The man who allegedly stabbed Sir Salman Rushdie on stage at an event in New York has said he was “surprised” to learn the renowned author was alive following the attack.
Hadi Matar, 24, said Sir Salman, 75, was “someone who attacked Islam” but did not confirm that his actions were driven by a fatwa issued by Iran in the 1980s.
Matar pleaded not guilty through his lawyer to charges stemming from the assault and is currently being held at Chautauqua County Jail, in New York state.
Speaking to the New York Post in a video interview from jail, he said: “When I heard he survived, I was surprised, I guess.

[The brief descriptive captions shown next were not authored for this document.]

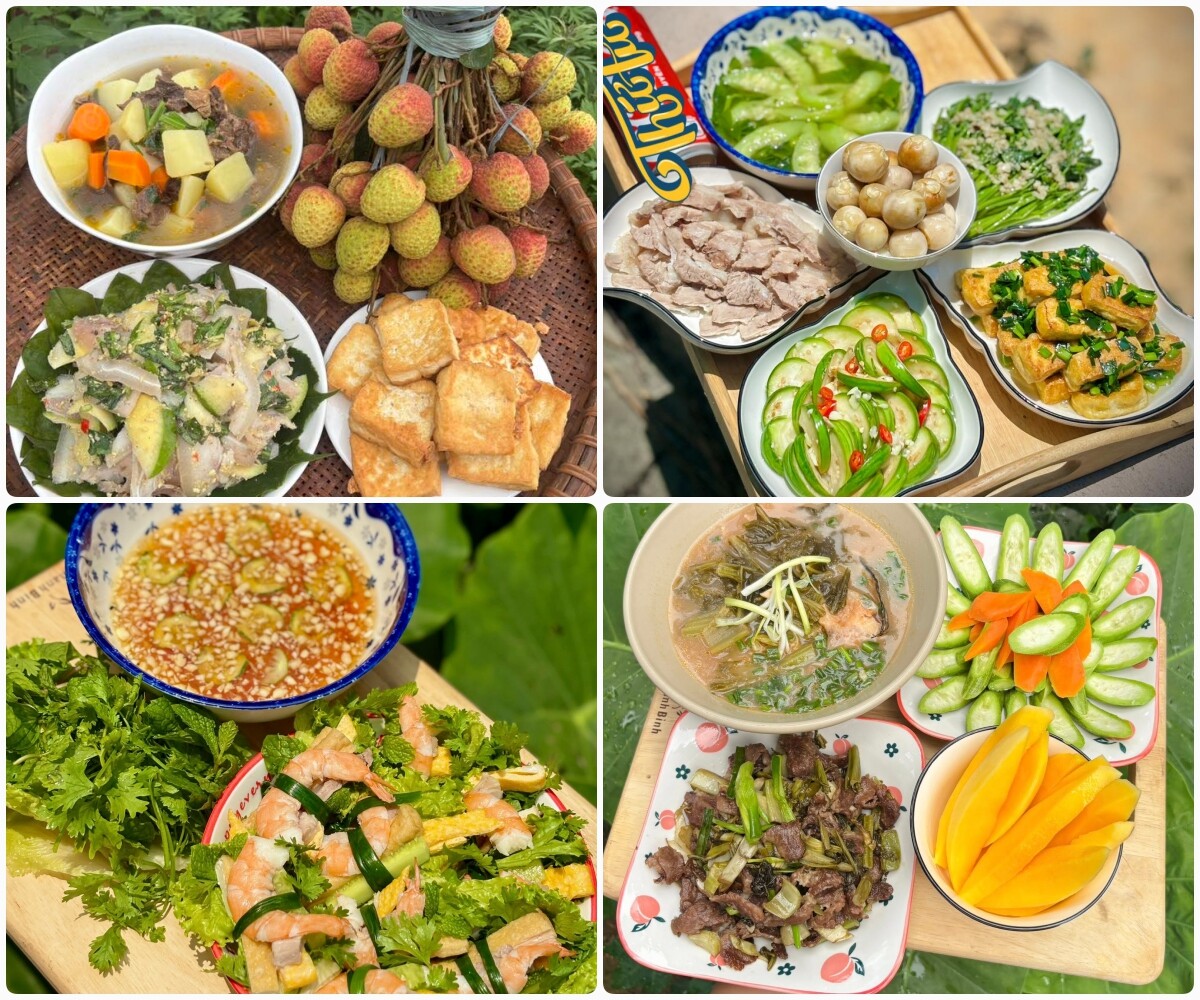 9X cứ cuối tuần là về nấu cơm cho bố mẹ, nhìn bữa ăn mùa hè đơn giản mà thèm chảy nước miếng - 12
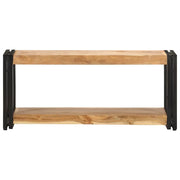 Mobile Porta TV-Credenza per TV 90x30x40 cm in Legno Massello di Acacia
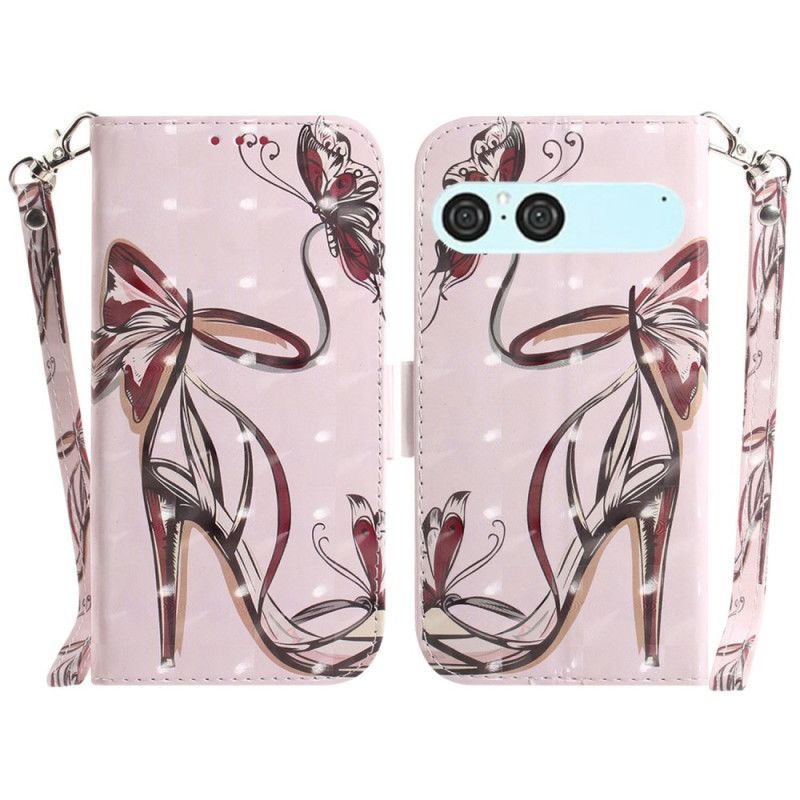 Etui Folio Sony Xperia 10 Vii Obcasy Z Paskami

Matar said he had originally planned to go to the event at the Chautauqua Institution after seeing a tweet announcing Sir Salman’s appearance.
“He’s someone who attacked Islam, he attacked their beliefs, the belief systems.”
Sir Salman published his famous novel The Satanic Verses in 1988, which resulted in Iranian leader Ayatollah Ruhollah Khomeini issuing a fatwa, or edict, calling for his death in 1989.
But Matar told the New York Post he had only read “a couple of pages” of the book and did not say whether the fatwa had inspired him.
It comes as the moderator of the event said his concern is for the writer “himself, but also what he means in the world”.
Henry Reese told the BBC the attack highlighted the values that Sir Salman stands for.
Mr Reese, who sustained severe bruising himself during the incident, said it would be “my ideal” to one day return to the venue and continue the conversation with Sir Salman.
“To both show that these values will be defended and that they can be defended.”
Despite his “life-changing” injuries Sir Salman has retained his “usual feisty and defiant sense of humour”, his family has said.
The author suffered a damaged liver as well as severed nerves in an arm and an eye, but was taken off a ventilator on Saturday.